Start of Material provided

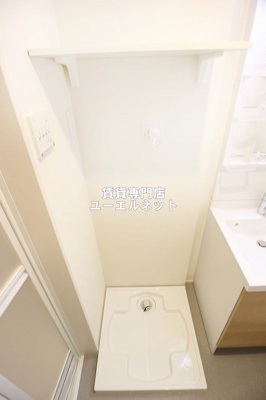 【設備】 | サンメイプル庄内 | 室内洗濯機置き場で毎日の家事もラクラク！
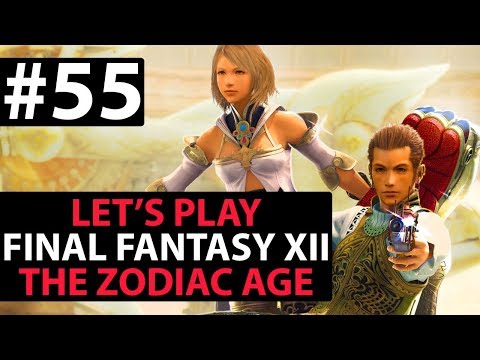 Let's Play Final Fantasy XII The Zodiac Age Walkthrough 100% - Reddas - Part 55
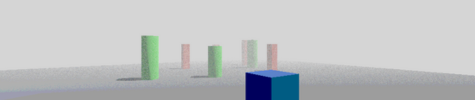 PSX Style Camera Shader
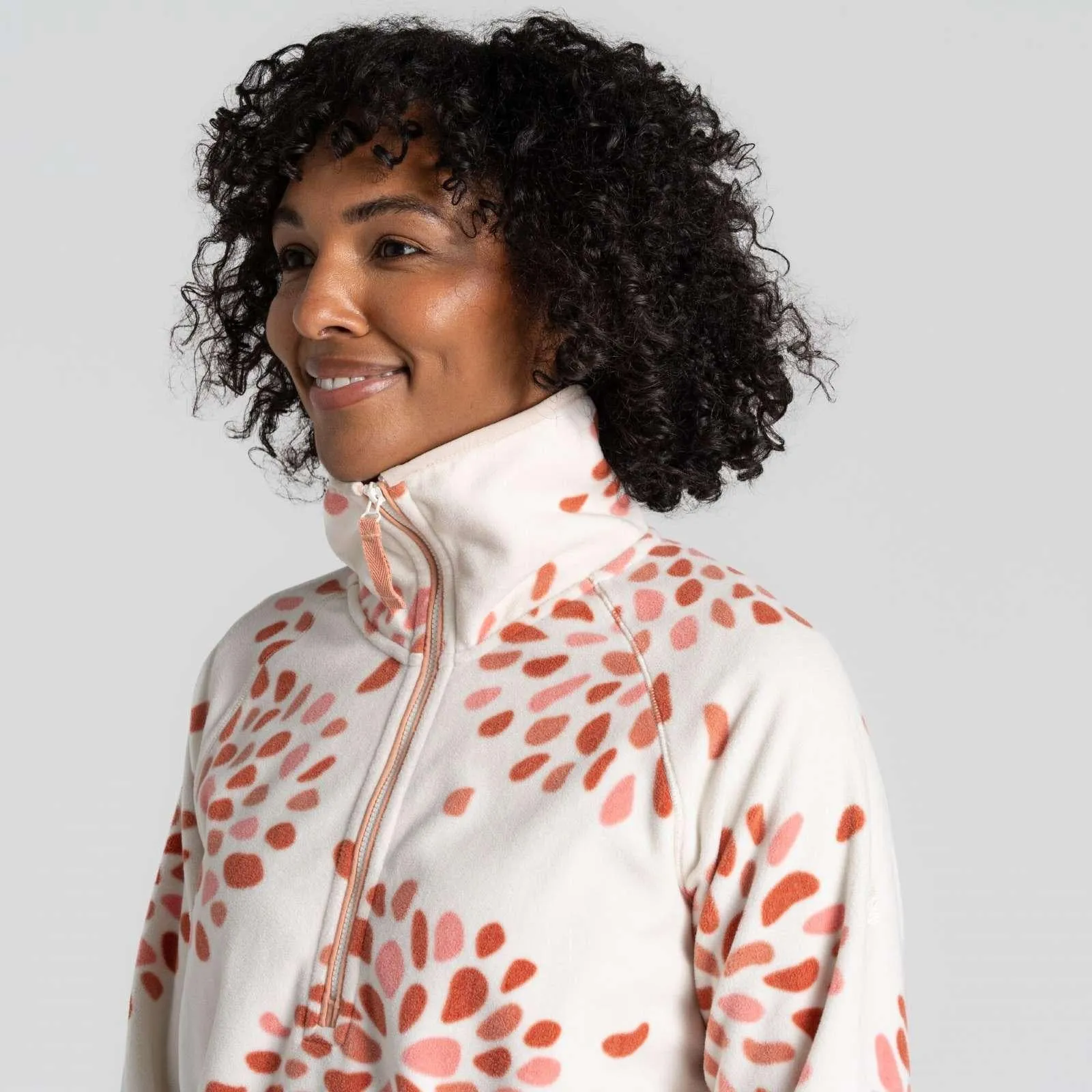 Craghoppers Womens Reedmace Half Zip Fleece
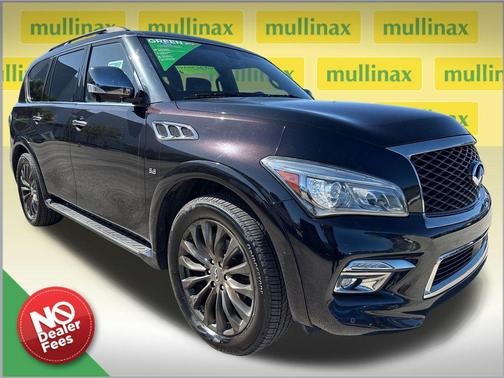 2016 INFINITI QX80 Limited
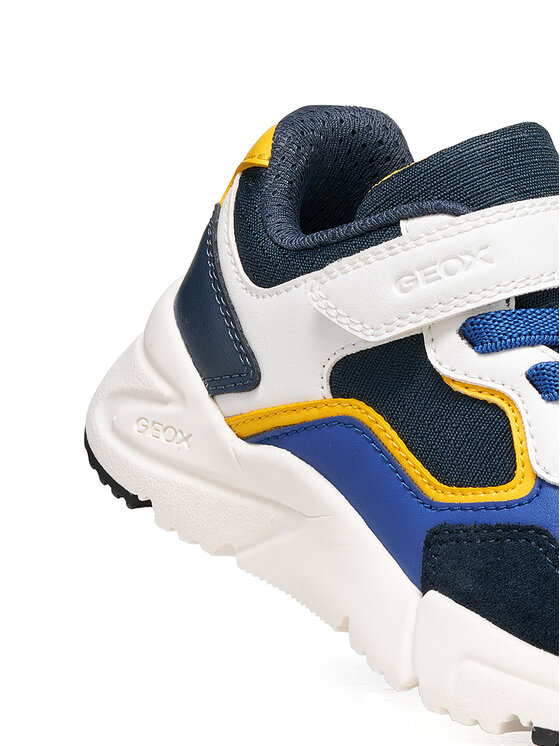 Geox Geox Sneakersy J Loftus Boy J66MQA 0FU54 C4211 M Kolorowy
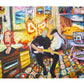 Penguin in the Room; 1000-pc Velvet-Touch Puzzle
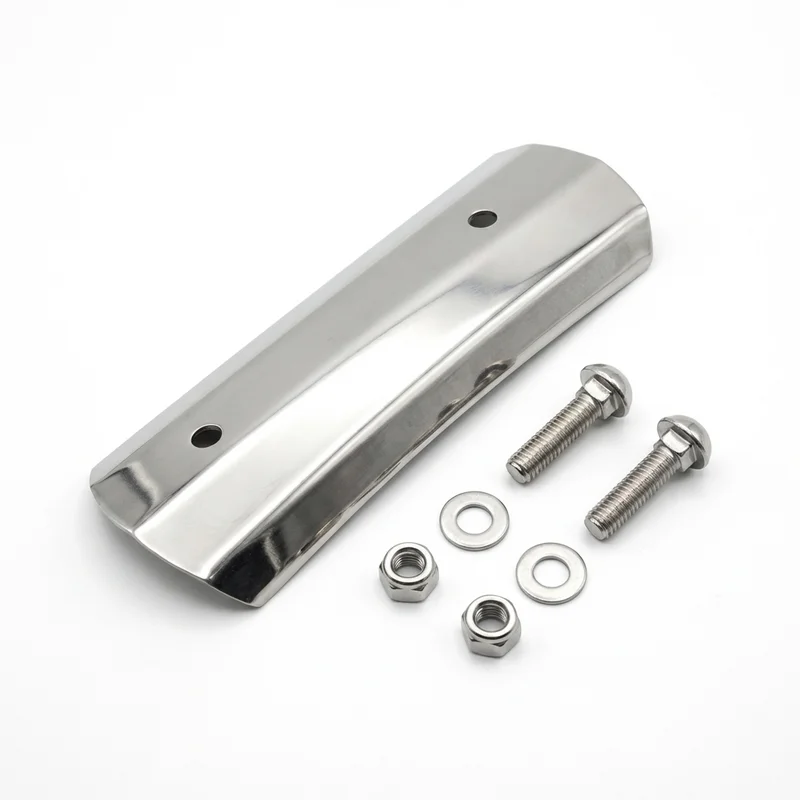 Stainless Steel Mounting Bracket Kit for Mitsubishi Fuso FE145CC (2005 - 2011) - 1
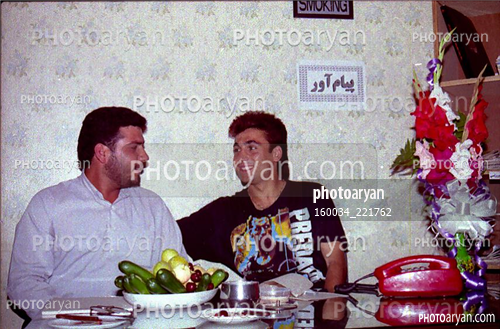 بازیکنان دهه های مختلف فوتبال ایران30-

End of Material provided

Try it: Set down all records verbatim, omitting images.

Task result:
 【設備】 | サンメイプル庄内 | 室内洗濯機置き場で毎日の家事もラクラク！
 Let's Play Final Fantasy XII The Zodiac Age Walkthrough 100% - Reddas - Part 55
 PSX Style Camera Shader
 Craghoppers Womens Reedmace Half Zip Fleece
 2016 INFINITI QX80 Limited
 Geox Geox Sneakersy J Loftus Boy J66MQA 0FU54 C4211 M Kolorowy
 Penguin in the Room; 1000-pc Velvet-Touch Puzzle
 Stainless Steel Mounting Bracket Kit for Mitsubishi Fuso FE145CC (2005 - 2011) - 1
 بازیکنان دهه های مختلف فوتبال ایران30-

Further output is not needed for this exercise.